LAN isn’t starting its scholarship from scratch, though. The foundation for the effort was actually laid by LAN’s sister organization.
“What kind of sped up the process was that Mi Familia, which is kind of our social, community group on campus, they had a scholarship that they launched, I think, maybe two years ago,” Berdecía said. “It was about $1,000, and they kind of had their own criteria, but it wasn’t official to the university.”
That unofficial status meant members of Mi Familia had to fund the scholarship entirely on their own. Bake sales and the like were employed to raise the money, and some scholarships were awarded, but the time and energy required to support the scholarship left little of either for the Latinx community to just come together and be.
Duhon said that was when former Multicultural Student Affairs Assistant Director Marcela Torres-Cervantes came up with the idea of a partnership: LAN could take on the responsibility of the scholarship, letting Mi Familia get back to its main mission.
That unburdening has proven especially helpful given COVID-19, which would have prevented Mi Familia from doing its typical in-person fundraisers.

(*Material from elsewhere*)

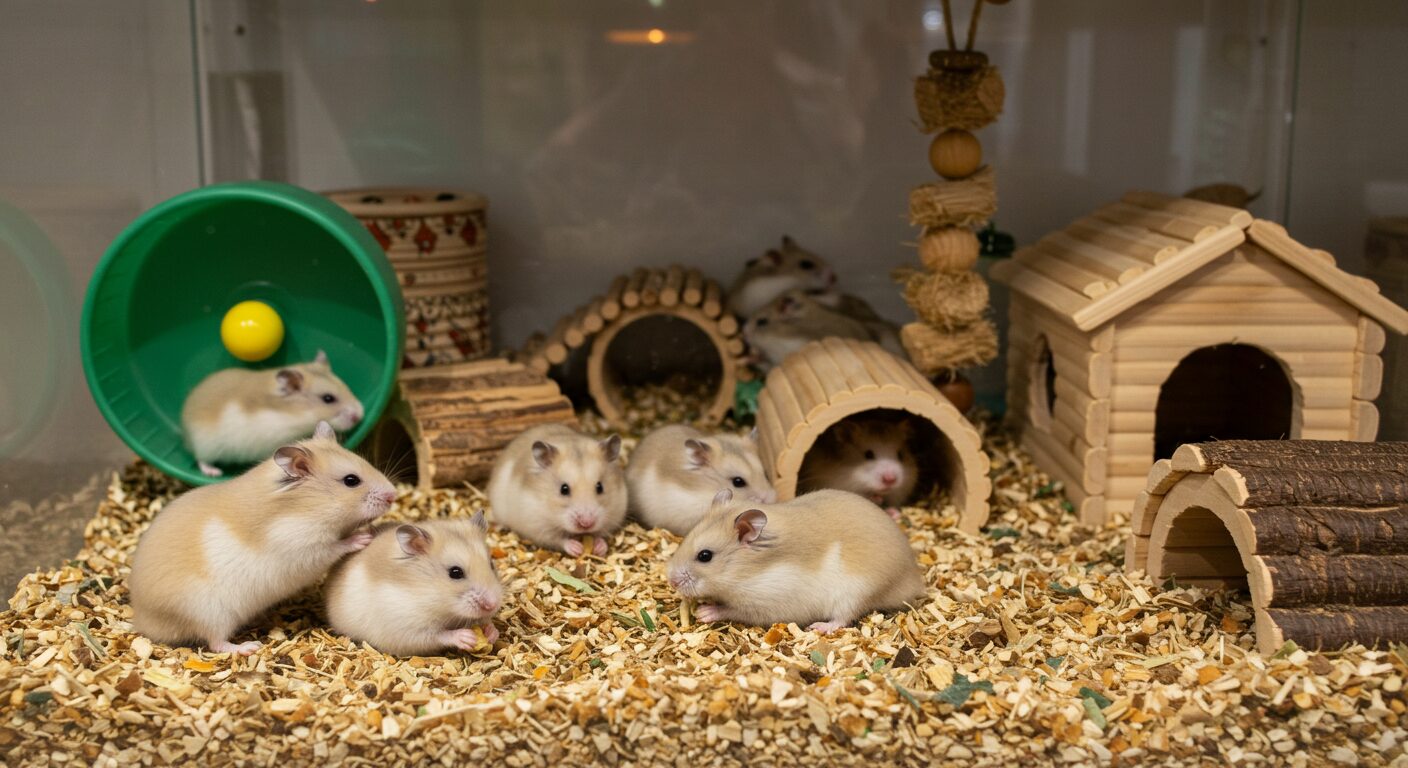 ロボロフスキーハムスターの多頭飼い完全ガイド｜ケンカ対策や飼育のコツ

“I didn’t want Mi Familia, that scholarship to ever go away because it was, like, the only thing that kind of belonged to our culture,” Duhon said. “And so, we just said, ‘Let’s do this.’”
So, what’s next for the LAN scholarship?
“We’re now a restricted fund, which means we have the minimum of $10,000 for us to officially be a scholarship,” Berdecía said. “Our goal is to be an endowment, but the minimum, which changed in the last year, it was $25,000, but now it’s $50,000. But it’s OK! You know, we’ve given ourselves a year to make it.”
An endowment would mean that an annual income for the scholarship would be produced in perpetuity. To meet that self-imposed spring 2021 deadline, LAN is asking for Founding Donors to step forward and assist in the scholarship’s initial endowment. There is no minimum donation required to be recognized as a Founding Donor; Berdecía said it could be something as simple as giving up your daily latte in order to donate.
“We’re also not asking them to commit long-term right now,” Berdecía said of potential donors. “We have a few that have committed to the five-year mark, but we don’t want students, or family and friends, who would like to donate to feel like they have a restriction.”
While much remains to be done, both in terms of funding for the LAN scholarship and in making NC State’s campus more inclusive to its Latinx students, Berdecía sees a bright future ahead for the Pack.
“It’s a really challenging time for our community, but it’s also the perfect time to really rise above these challenges and come together as a community to provide this scholarship to our students,” she said.
“I think that’s our hope: that [students] are able to see the impact a small community can have,” Duhon said. “You can be small, but you can still have an impact on the world.”